**DIRECTIONS**
Provide a character-exact reproduction of the lines from the line with "Sept. 18, 2023" to the end of the entries.

[THE INPUT Boundary: Start]

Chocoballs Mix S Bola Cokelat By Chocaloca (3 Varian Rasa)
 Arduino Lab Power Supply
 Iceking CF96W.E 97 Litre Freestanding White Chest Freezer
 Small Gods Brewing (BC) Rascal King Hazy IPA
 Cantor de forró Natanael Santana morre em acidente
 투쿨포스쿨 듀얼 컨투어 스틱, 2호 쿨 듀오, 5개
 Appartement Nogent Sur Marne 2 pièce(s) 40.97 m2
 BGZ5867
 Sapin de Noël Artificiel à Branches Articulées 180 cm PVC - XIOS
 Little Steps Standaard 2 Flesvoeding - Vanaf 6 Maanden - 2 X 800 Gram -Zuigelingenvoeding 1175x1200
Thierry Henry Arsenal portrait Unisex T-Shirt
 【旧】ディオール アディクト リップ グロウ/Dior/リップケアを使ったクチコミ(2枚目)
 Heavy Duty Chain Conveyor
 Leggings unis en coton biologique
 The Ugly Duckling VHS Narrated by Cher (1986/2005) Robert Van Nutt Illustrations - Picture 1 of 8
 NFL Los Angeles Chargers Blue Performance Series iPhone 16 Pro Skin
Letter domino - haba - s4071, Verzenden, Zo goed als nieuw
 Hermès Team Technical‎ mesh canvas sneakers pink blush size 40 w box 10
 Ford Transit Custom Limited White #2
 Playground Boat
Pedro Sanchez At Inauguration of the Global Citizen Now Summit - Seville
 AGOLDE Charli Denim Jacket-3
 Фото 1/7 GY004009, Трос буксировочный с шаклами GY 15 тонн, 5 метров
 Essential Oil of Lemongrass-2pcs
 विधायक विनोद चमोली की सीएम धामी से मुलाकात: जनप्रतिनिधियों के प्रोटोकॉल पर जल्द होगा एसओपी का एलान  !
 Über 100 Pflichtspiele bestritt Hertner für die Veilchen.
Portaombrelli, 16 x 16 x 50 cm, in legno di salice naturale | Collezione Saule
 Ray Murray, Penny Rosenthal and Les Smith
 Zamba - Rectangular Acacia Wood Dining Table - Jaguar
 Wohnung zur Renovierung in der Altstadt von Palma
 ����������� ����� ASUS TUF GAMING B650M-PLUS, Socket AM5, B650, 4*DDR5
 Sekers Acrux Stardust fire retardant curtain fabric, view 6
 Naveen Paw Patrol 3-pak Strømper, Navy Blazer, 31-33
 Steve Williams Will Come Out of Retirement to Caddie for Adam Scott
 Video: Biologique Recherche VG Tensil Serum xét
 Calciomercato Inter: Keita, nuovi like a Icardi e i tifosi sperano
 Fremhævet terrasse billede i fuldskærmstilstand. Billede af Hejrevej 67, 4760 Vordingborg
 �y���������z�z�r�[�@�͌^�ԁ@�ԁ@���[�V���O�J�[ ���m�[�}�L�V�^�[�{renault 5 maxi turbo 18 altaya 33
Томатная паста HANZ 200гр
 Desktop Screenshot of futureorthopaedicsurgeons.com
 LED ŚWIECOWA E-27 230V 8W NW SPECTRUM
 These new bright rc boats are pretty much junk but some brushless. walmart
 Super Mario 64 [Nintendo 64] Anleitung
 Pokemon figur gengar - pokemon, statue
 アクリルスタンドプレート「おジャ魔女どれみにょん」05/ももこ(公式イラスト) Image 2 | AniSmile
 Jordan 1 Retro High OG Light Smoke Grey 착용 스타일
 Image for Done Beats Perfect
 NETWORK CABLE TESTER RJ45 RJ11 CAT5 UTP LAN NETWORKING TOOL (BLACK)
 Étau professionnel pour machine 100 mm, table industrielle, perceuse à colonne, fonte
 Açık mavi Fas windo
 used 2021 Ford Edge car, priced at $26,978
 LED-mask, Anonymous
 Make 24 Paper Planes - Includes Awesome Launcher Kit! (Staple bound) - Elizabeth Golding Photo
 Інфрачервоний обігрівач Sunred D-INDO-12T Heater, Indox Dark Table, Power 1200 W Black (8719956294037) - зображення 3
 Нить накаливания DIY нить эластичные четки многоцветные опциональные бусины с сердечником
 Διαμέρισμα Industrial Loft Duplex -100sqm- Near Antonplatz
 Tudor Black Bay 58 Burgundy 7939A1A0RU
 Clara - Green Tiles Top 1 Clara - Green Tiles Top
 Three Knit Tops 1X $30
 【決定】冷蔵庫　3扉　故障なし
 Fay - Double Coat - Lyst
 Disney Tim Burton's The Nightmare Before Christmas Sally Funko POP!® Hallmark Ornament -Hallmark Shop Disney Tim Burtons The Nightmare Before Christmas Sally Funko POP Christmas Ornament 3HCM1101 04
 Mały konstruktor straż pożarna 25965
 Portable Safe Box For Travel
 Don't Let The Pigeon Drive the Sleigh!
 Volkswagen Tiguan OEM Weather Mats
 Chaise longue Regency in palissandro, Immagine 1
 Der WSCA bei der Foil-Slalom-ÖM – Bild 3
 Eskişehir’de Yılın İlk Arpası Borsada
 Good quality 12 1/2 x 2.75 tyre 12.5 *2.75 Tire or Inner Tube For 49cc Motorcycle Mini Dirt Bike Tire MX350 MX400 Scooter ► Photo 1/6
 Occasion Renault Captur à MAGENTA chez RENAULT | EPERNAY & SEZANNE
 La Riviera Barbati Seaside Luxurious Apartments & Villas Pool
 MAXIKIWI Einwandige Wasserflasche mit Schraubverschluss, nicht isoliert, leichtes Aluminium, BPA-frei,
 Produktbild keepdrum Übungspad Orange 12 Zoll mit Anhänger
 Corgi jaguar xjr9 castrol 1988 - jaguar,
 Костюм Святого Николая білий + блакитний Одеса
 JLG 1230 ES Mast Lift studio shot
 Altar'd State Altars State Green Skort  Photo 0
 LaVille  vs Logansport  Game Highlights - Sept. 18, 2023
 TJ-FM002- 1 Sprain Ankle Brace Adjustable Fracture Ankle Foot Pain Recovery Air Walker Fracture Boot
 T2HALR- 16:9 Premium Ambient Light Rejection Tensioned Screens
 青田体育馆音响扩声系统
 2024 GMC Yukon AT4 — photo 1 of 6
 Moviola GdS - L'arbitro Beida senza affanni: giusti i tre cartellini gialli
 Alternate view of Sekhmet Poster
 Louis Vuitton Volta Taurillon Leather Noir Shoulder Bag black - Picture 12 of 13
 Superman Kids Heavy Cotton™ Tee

[THE INPUT Boundary: End]

**RESULT FOR THIS TASK**
 LaVille  vs Logansport  Game Highlights - Sept. 18, 2023
 TJ-FM002- 1 Sprain Ankle Brace Adjustable Fracture Ankle Foot Pain Recovery Air Walker Fracture Boot
 T2HALR- 16:9 Premium Ambient Light Rejection Tensioned Screens
 青田体育馆音响扩声系统
 2024 GMC Yukon AT4 — photo 1 of 6
 Moviola GdS - L'arbitro Beida senza affanni: giusti i tre cartellini gialli
 Alternate view of Sekhmet Poster
 Louis Vuitton Volta Taurillon Leather Noir Shoulder Bag black - Picture 12 of 13
 Superman Kids Heavy Cotton™ Tee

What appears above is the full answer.